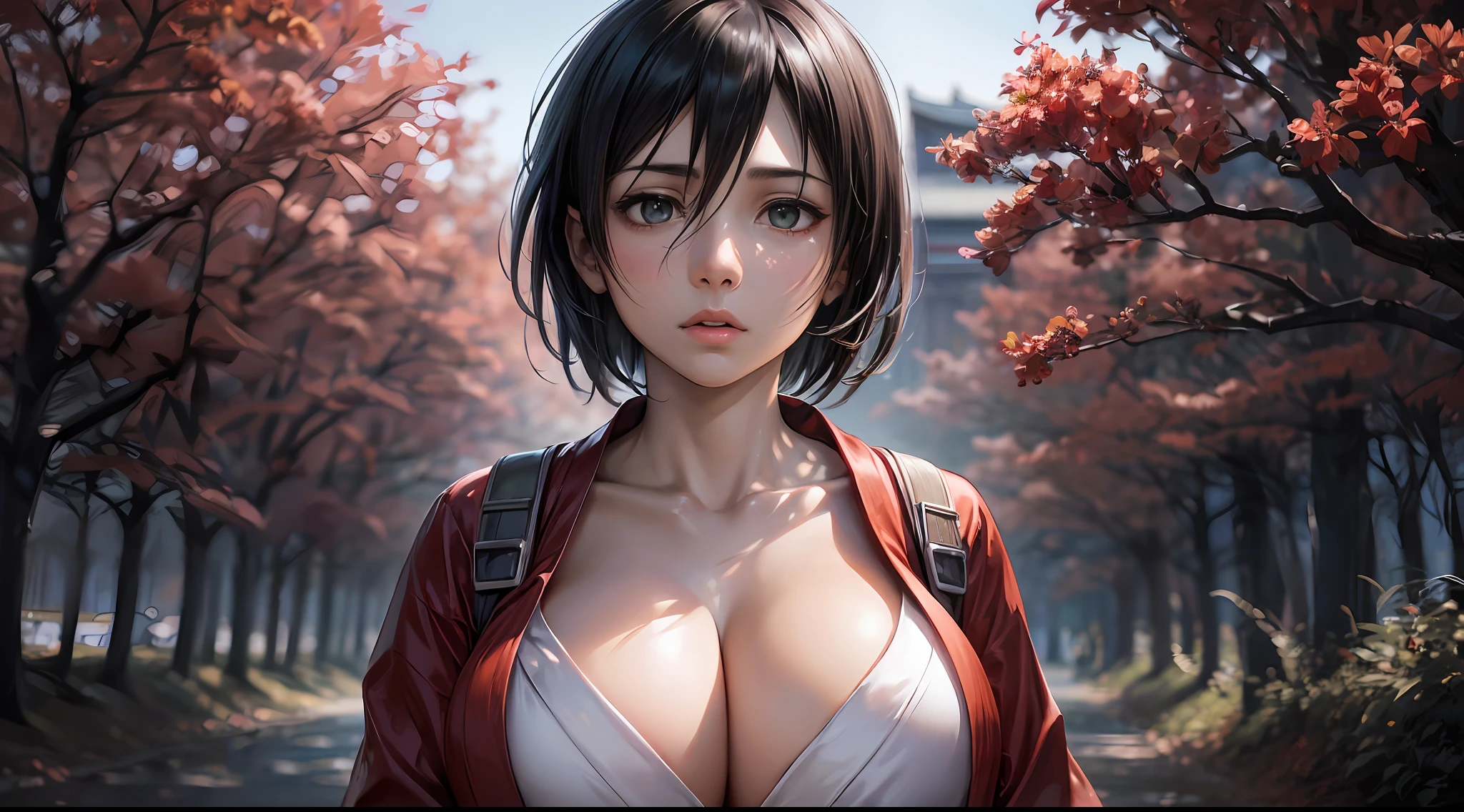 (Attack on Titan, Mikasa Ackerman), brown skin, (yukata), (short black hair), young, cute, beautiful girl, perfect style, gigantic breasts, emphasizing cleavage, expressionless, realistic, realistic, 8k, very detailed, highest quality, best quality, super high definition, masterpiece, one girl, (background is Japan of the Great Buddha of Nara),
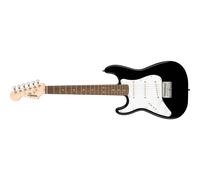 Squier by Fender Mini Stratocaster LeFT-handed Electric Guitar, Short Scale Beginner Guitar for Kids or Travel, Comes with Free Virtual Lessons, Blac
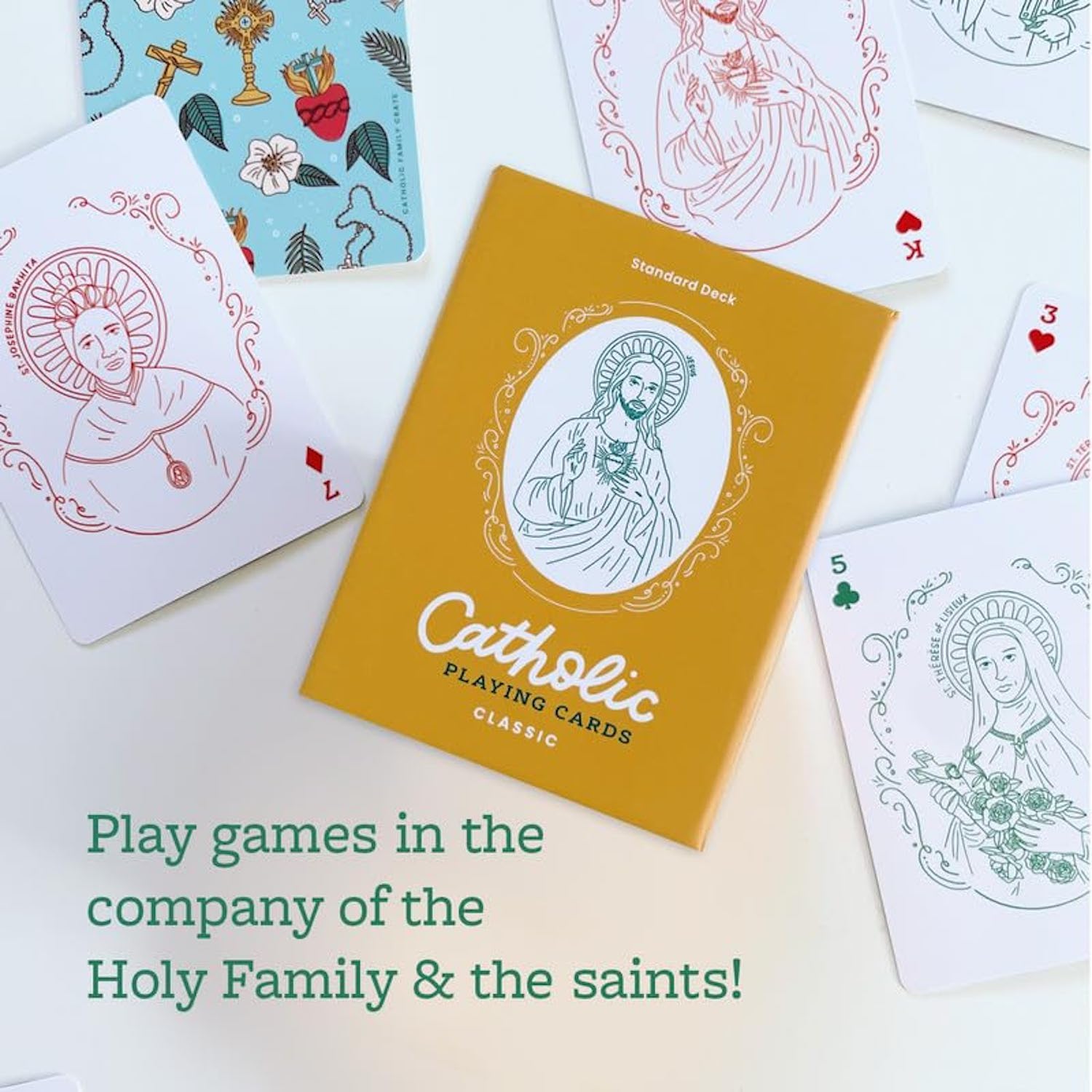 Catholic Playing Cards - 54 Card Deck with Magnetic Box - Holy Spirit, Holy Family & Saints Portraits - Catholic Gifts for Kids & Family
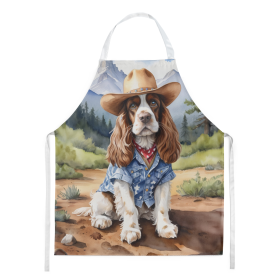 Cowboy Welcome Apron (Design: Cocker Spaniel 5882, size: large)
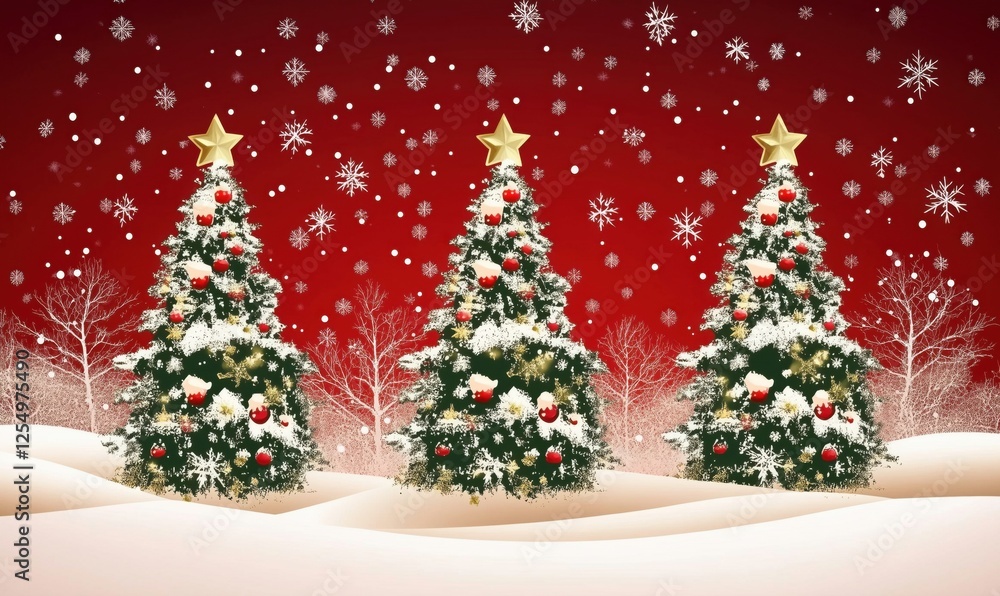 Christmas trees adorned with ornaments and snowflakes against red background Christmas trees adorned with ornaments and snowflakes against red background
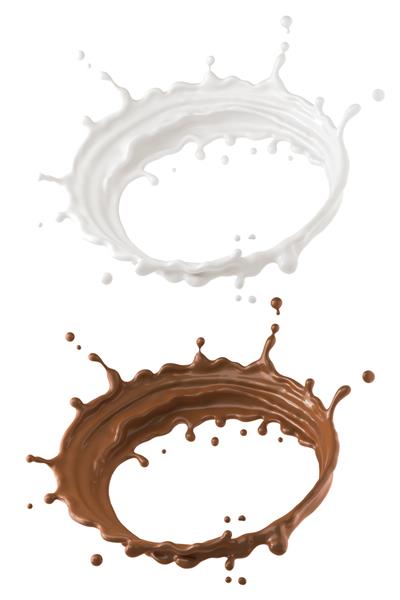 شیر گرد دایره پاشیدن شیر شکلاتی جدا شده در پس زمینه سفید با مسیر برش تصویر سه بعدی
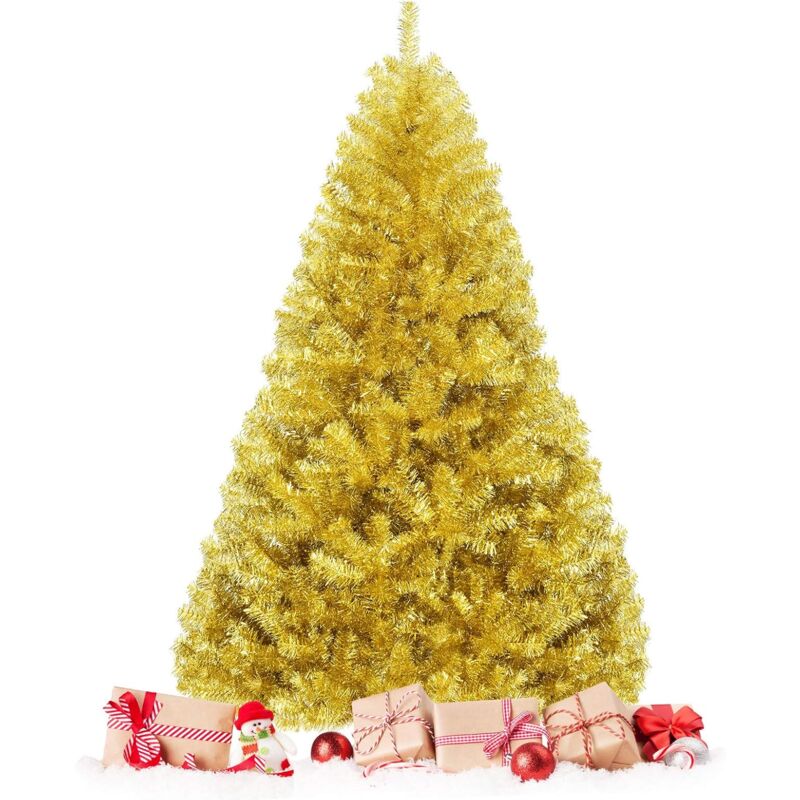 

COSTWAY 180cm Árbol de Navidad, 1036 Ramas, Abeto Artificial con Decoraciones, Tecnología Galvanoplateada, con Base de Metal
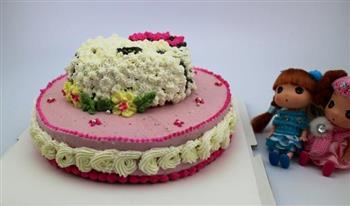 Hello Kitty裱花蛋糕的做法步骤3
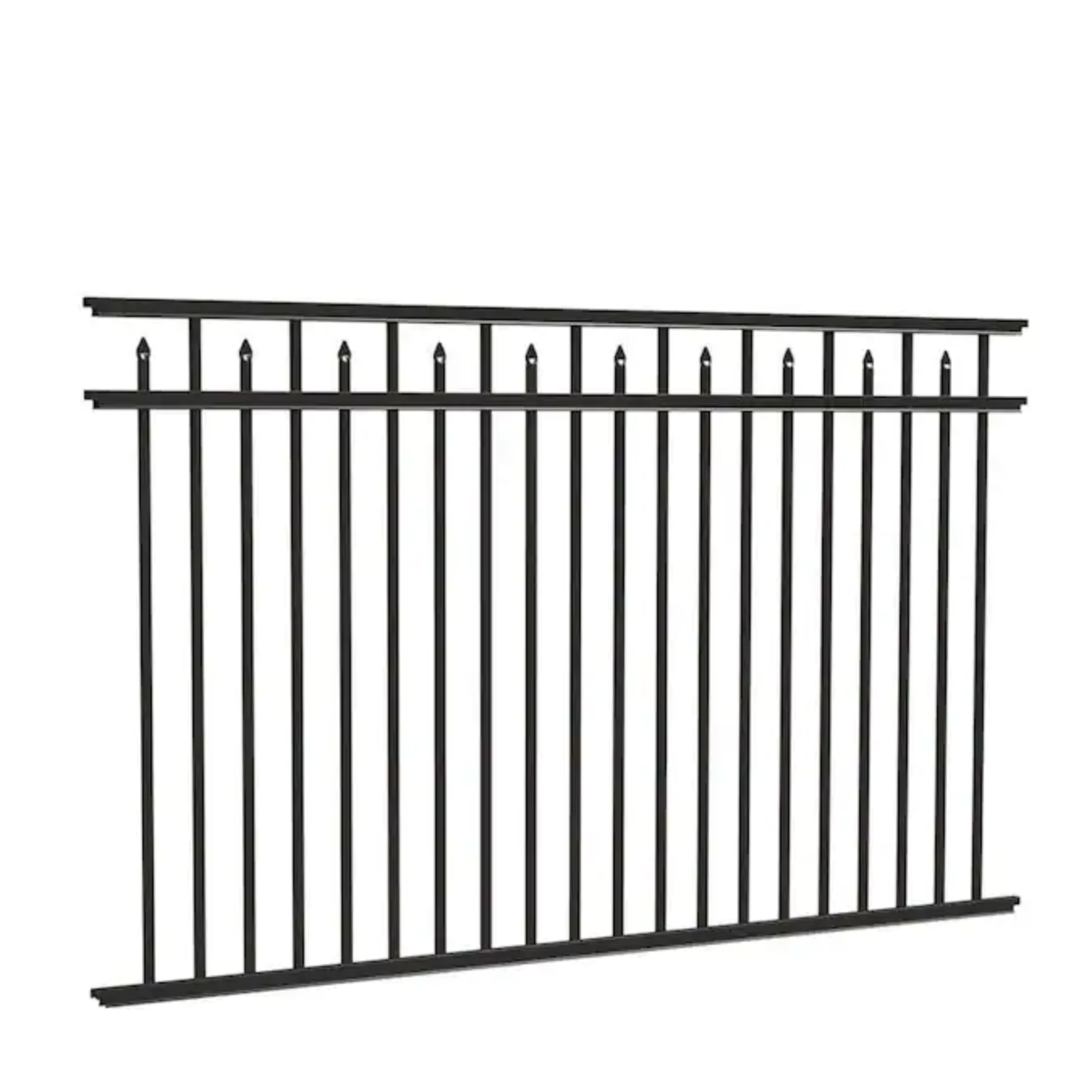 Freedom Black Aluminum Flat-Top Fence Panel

::::::

**WHAT THE TASK ASKS**: If a picture falls within the span, leave it out, and reproduce exactly the lines from the one containing "red background Christmas" through the end of the material, and no others.

**ANSWER TO THE EXERCISE**:
 Christmas trees adorned with ornaments and snowflakes against red background Christmas trees adorned with ornaments and snowflakes against red background
 شیر گرد دایره پاشیدن شیر شکلاتی جدا شده در پس زمینه سفید با مسیر برش تصویر سه بعدی

COSTWAY 180cm Árbol de Navidad, 1036 Ramas, Abeto Artificial con Decoraciones, Tecnología Galvanoplateada, con Base de Metal
 Hello Kitty裱花蛋糕的做法步骤3
 Freedom Black Aluminum Flat-Top Fence Panel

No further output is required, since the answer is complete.